Sunday, October 5, 2014

Post #4

In our class, we began learning about culture, and different norms found within different cultures.  When our teacher asked us to think about any different cultures we are a part or have experienced, I initially drew a blank.  I have never spent an excessive amount of time outside the Midwest my whole life.  But then, I thought about the way life was when I lived in Michigan for the first 12 years of my life, and how differently it actually is from suburban Chicago, even though the two are geographically near each other.  In Michigan, we proud Michiganders (which actually is the correct term for people from the great peninsula) have a certain arsenal of lingual terms and gestures that those who do not dwell there wouldn't understand.  First, when a Michigander meets a fellow native of Michigan, we ask where they're from in the state.  And every time, the person will hold up their right hand, palm out, and point to approximately where they are from on the mitten.  Another thing is that in Michigan, we have a chain of restaurants called Leo's Coney Island.  This restaurant is essentially a traditional diner, but one that serves Greek food.  And they are located in almost every single strip mall in the Detroit metropolitan area.  So, when you are in Michigan, you can tell someone you are going to Leo's, and they will completely understand what you are talking about, while someone who is not from Michigan will ask in confusion "Who is Leo?"  A third predominant term used by all Michiganders is saying "Up North."  In Michigan, everyone vacations "Up North," and when you tell people you are going "Up North," they know with absolute certainty that you are talking about going to northern Michigan to enjoy the beaches of Lake Michigan.  The list of terms and gestures that are used in the subculture of the great state of Michigan goes on and on. 

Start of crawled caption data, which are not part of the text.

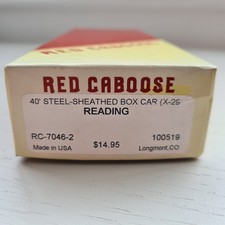 Red Caboose HO Gauge Kit 40'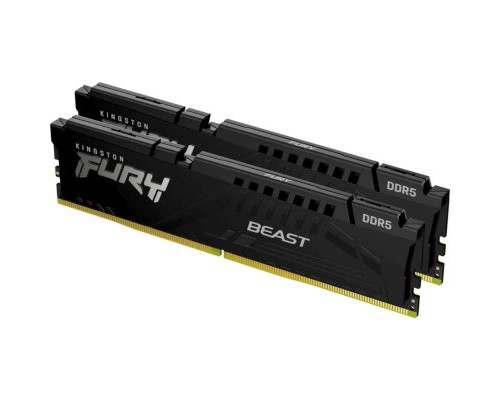 Оперативная память 32Gb Kingston Fury Beast Black KF560C30BBK2-32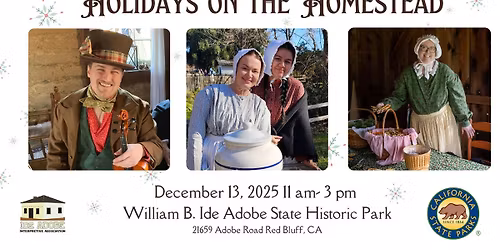 Holidays on the Homestead 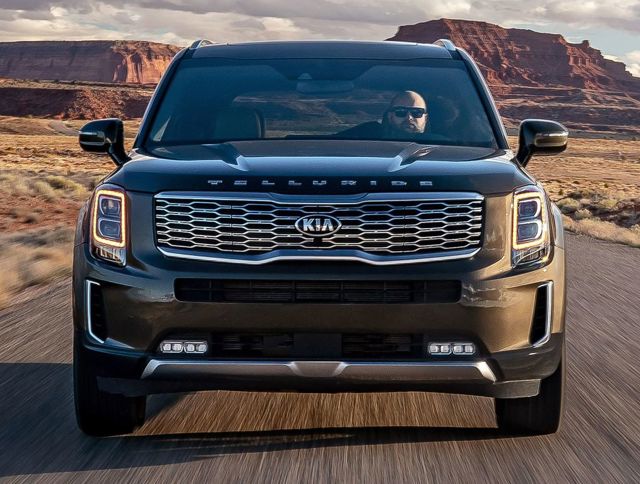 Kia Telluride photo 21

Thinking about this other culture that I had grown up in helps me to see some of the different ideas we have learned about in class in action.  The idea of non-material culture, which is essentially anything that is unique to a culture that you can't see, like language, gestures, specific rules and practices, is evident when I think about the culture of my home state.  On the other hand, the material culture-which is a term that describes exactly as you would expect, the items unique to a culture- of Michigan is basically identical to the material culture of the rest of America.  This unique non-material culture found within Michigan is a great example of a sub-culture within American culture.  While overall, the way of life in Michigan is very similar to the way life is practiced in the rest of America, Michigan has a few differences that give it its own subculture, because they are things that non-Michiganders would not understand.  

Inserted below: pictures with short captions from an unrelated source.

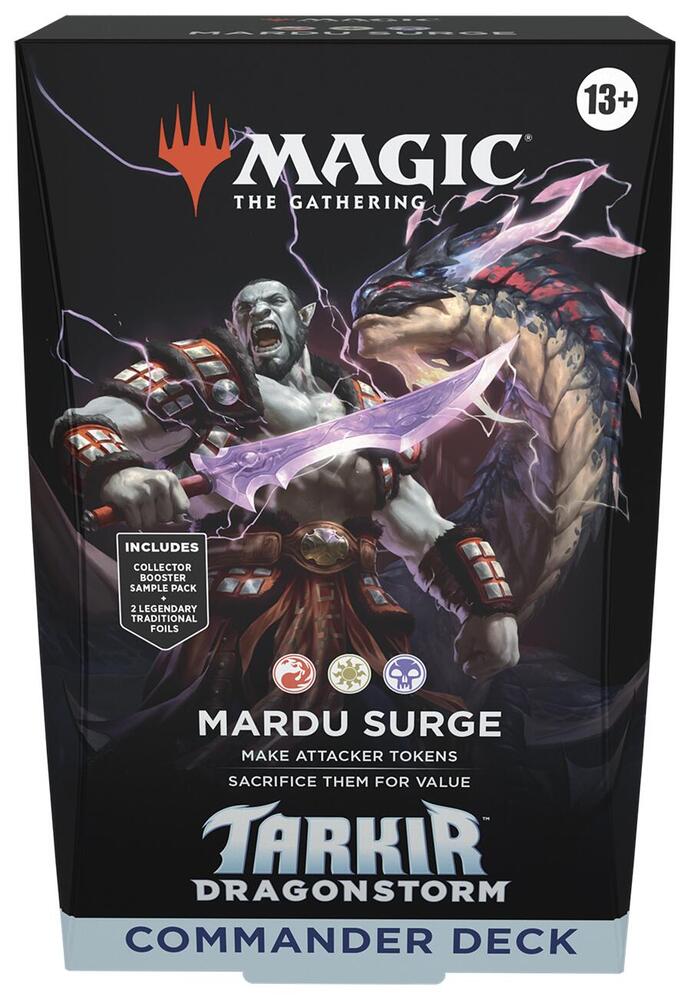 Tarkir: Dragonstorm Commander Deck - Mardu Surge card from Commander: Tarkir: Dragonstorm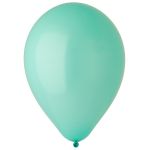 Шар пастель Бирюза Э12"/30см (278) Robin's Egg Blue 50шт/уп (Малайзия) фэшн 1102-1628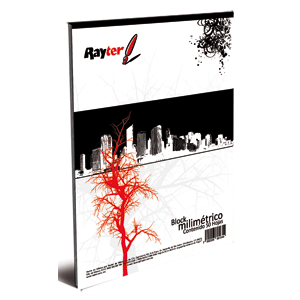 BLOCK MILIMETRICO CON 50 CON HOJAS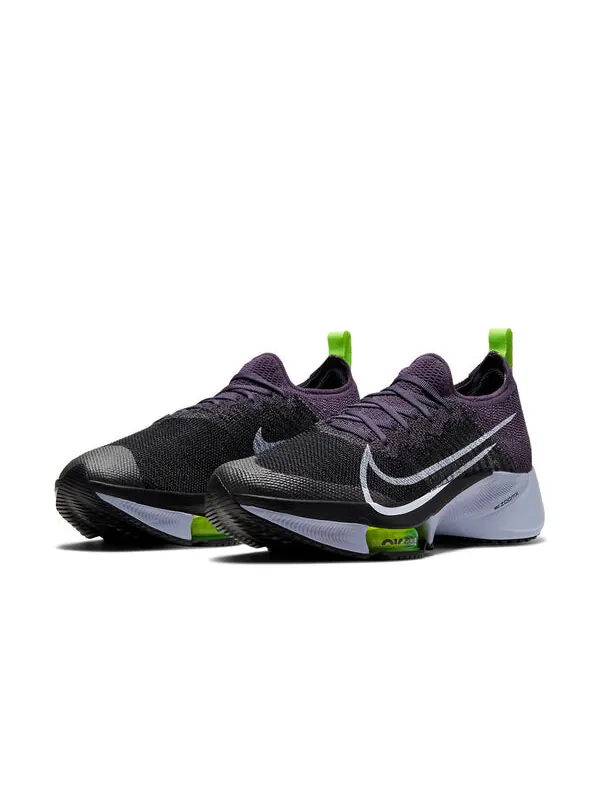 Кроссовки air zoom tempo next% flyknit 'dark raisin' Nike — изображение 3 из 4, черный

Within the realm of culture, there are two categories that different practices are grouped into: non-material and material culture, which are as I just described above.  The material culture in different cultures is the one that is most easy to see.  In the film we watched in class God Grew Tired of Us, the "lost boys," who were refugees of the Sudanese civil war, were brought to America to have a chance at life until their homeland was no longer too dangerous to live in.  When the boys arrived in America, what they were initially shocked about was the stark contrast between the material culture of America and where they grew up.  The things that shocked them the most were the things that we Americans are so accustomed to, we never give them any thought.  Things like electricity, running water, indoor plumbing, refrigerators, single person beds, garbage cans, etc.  The boys experiences extreme culture shock, which is when you find yourself in the middle of another culture and are taken aback by how different it is from your own.  Seeing people so shocked at these extremely common pieces of our culture in America gives you perspective as to how completely different people's lives can be in different parts of the world.  Not that they are in some way deprived, it's just that we are so reliant on our modern conveniences, that the idea that other people could live so well without them is a shock to our systems.   

The other type of culture, non-material culture, includes anything that isn't a material possession.  Things like language, gestures, and the norms of a culture.  Cultural norms are divided into three categories: folkways, mores, and taboos.  Folkways are things that are not very important, forgotten rules of a cultures.  Things like not eating with your elbows on the table, or not holding the door open.  They are the kinds of things that if you did them, people might notice, but they would not judge you for them (even though I, personally, find it incredibly rude to not hold doors open, and think it is a very simple act of kindness, but that's irrelevant).  The second type of norms are mores.  Mores are things that are a bit more severe than folkways, and if you did or didn't do these things, people would judge you.  In Western culture, an example of a mores would be that if you are eating, especially in public, you don't eat certain foods with your hands.  If you went to a restaurant, and started chowing down on fistfuls of spaghetti, people would start to question that immediately.  While they might not confront you about it, they will think there is something wrong with you.  Finally, taboos are norms that are so forbidden and just wrong that most people wouldn't even think about doing them.  Things like picking your nose in public, or farting on a date, or talking about what people do in the restroom, or basically anything that you can think of doing that would be mortifyingly embarrassing.  

In class, we read an article about a Danish woman who was visiting America with her husband and baby.  When she and her husband went to dine at a restaurant, she left her baby in its carriage outside on the sidewalk.  When passer by's saw, they were shocked, disgusted, and decided to call the police.  The police took the child away from its mother, and she had to go through great lengths to get it back.  In America, leaving your child unattended in a busy city is a taboo, and everyone here wouldn't even think about doing it.  But, in Denmark, as well as many other northern European countries, leaving your baby outside while the parents dine in a café is completely common practice, and no one there would question it.  These differences in non-material culture caused culture shock for both the mother and the Americans who saw the child.  


1 comment:

  1. Those Michigan examples are terrific, although I would emphasize that Michigan is a subculture of the United States. And don't forget about the "Michigan Left" - that was something that really threw me off hen I was there.